TASK TO COMPLETE – All of the data must be written out verbatim, with pictures excluded.

Short descriptive text snippets
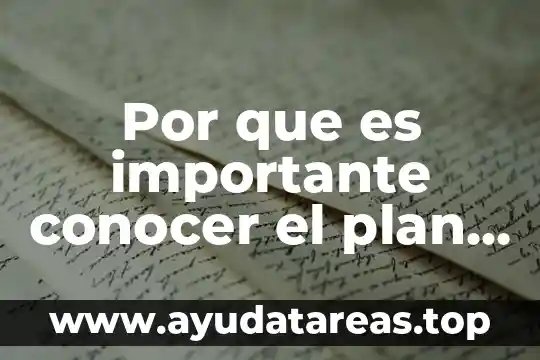 Por que es importante conocer el plan de estudios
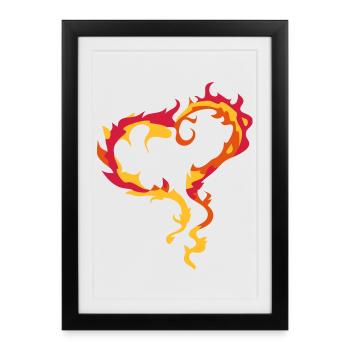 Coeur de la Flamme - Affiche encadrée (27 × 37 cm) - noir - Devant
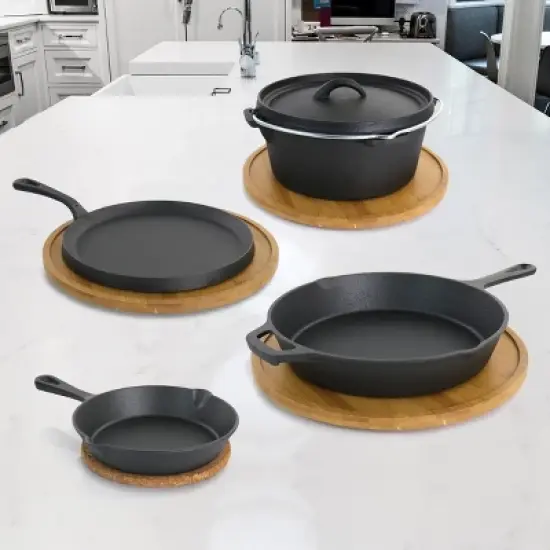 MegaChef 5 Piece Pre-Seasoned Cast Iron Kitchen Cookware Set image {6}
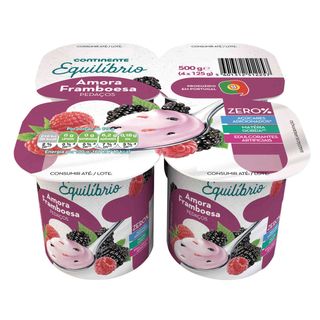 Iogurte Pedaços Magro Amora e Framboesa sem Açúcar Continente Equilíbrio (emb. 500 gr (4 un))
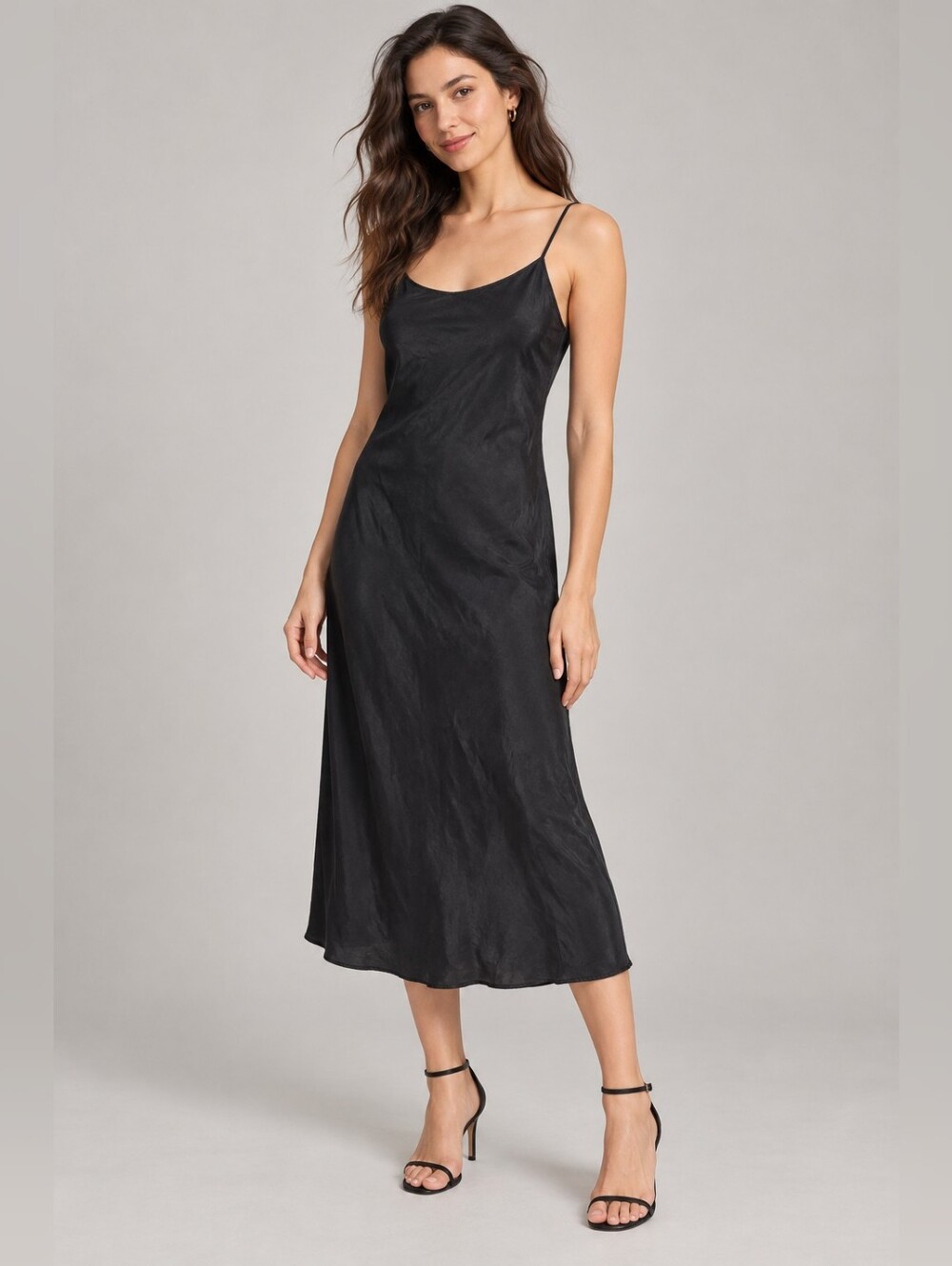 J.Crew Black Cupro Satin Midi Slip Dress Size 2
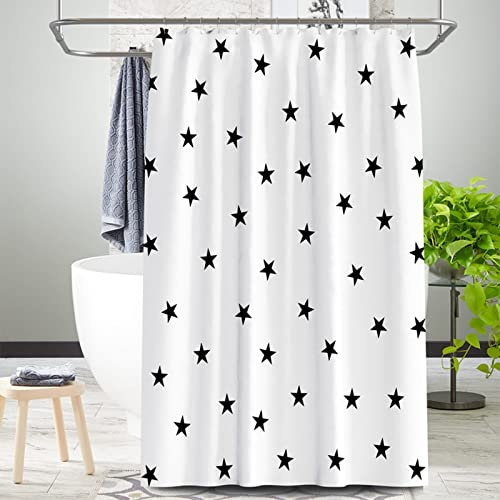 Hoisy Duschvorhänge, Anti Schimmel Duschvorhang Pentagramm Weiß Schwarz Größe 200X180CM Schnell Trocknend Polyestergewebe Badezimmerzubehör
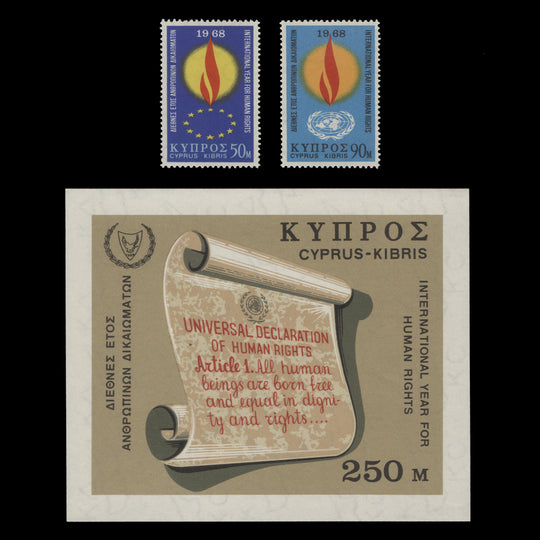 Cyprus 1968 (MNH) Human Rights Year set and miniature sheet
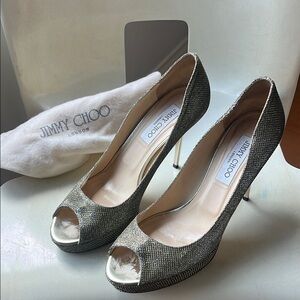 Jimmy Choo Lame Glitter Light Bronze Stiletto Heels with Peep-Toe Design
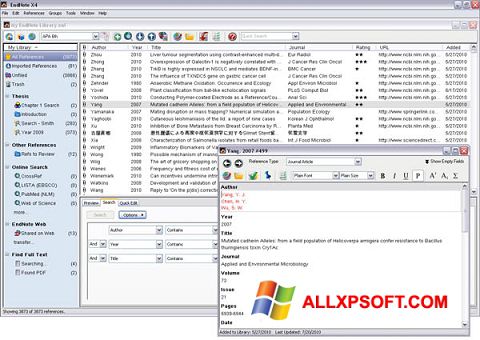 Ekrano kopija EndNote Windows XP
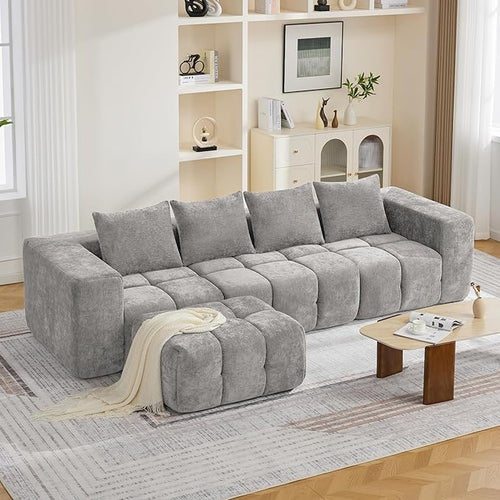 119" Boneless Couch, Oversized Cloud L Shaped Couch, Modular Sectional 4 Seater by CACFTII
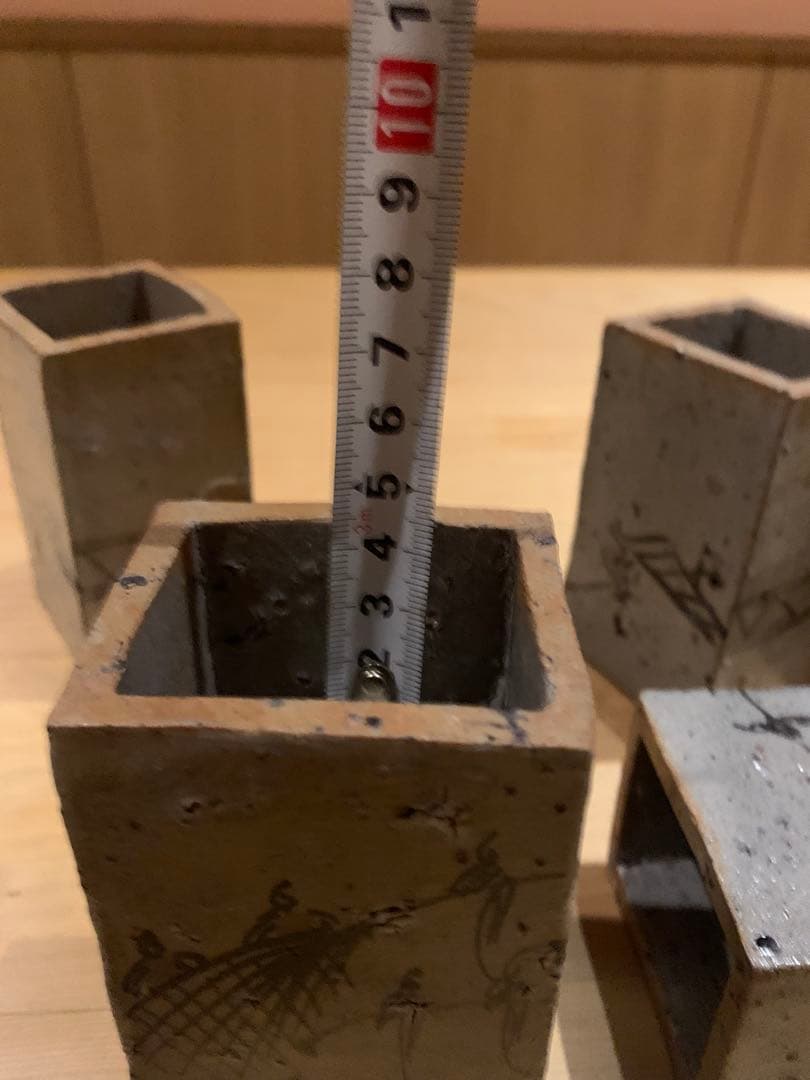 人気作家 丸田宗彦 絵唐津 長方筒向付（5客） 天地両面使い・趣の異なる二役の器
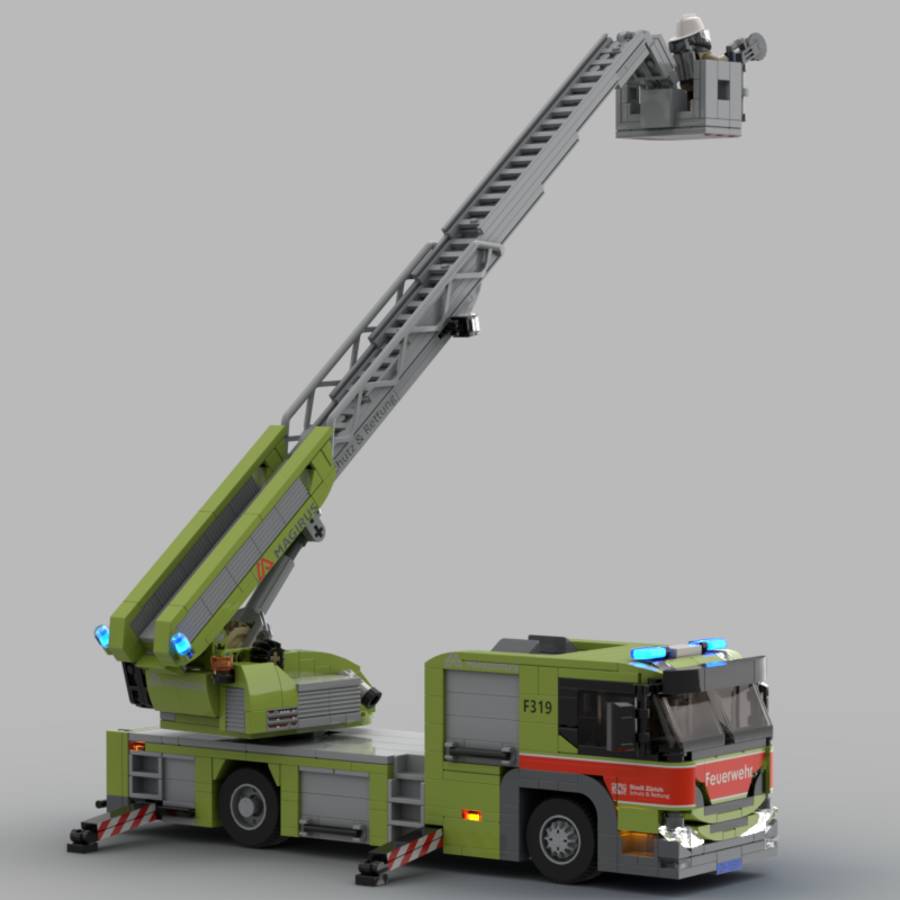 Scania L360 Tűzoltókocsi Magirus Forgózsámolyos Mentőlétrával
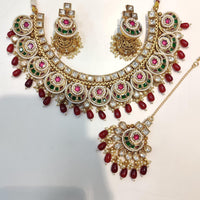 Manisha Jewellery Exclusive Kundan and Pearl Necklace Set with Matching Earrings for Festive Occasions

OUTPUT OF THE TASK –
 Por que es importante conocer el plan de estudios
 Coeur de la Flamme - Affiche encadrée (27 × 37 cm) - noir - Devant
 MegaChef 5 Piece Pre-Seasoned Cast Iron Kitchen Cookware Set image {6}
 Iogurte Pedaços Magro Amora e Framboesa sem Açúcar Continente Equilíbrio (emb. 500 gr (4 un))
 J.Crew Black Cupro Satin Midi Slip Dress Size 2
 Hoisy Duschvorhänge, Anti Schimmel Duschvorhang Pentagramm Weiß Schwarz Größe 200X180CM Schnell Trocknend Polyestergewebe Badezimmerzubehör
 Cyprus 1968 (MNH) Human Rights Year set and miniature sheet
 Jimmy Choo Lame Glitter Light Bronze Stiletto Heels with Peep-Toe Design
 Ekrano kopija EndNote Windows XP
 119" Boneless Couch, Oversized Cloud L Shaped Couch, Modular Sectional 4 Seater by CACFTII
 人気作家 丸田宗彦 絵唐津 長方筒向付（5客） 天地両面使い・趣の異なる二役の器
 Scania L360 Tűzoltókocsi Magirus Forgózsámolyos Mentőlétrával
 Manisha Jewellery Exclusive Kundan and Pearl Necklace Set with Matching Earrings for Festive Occasions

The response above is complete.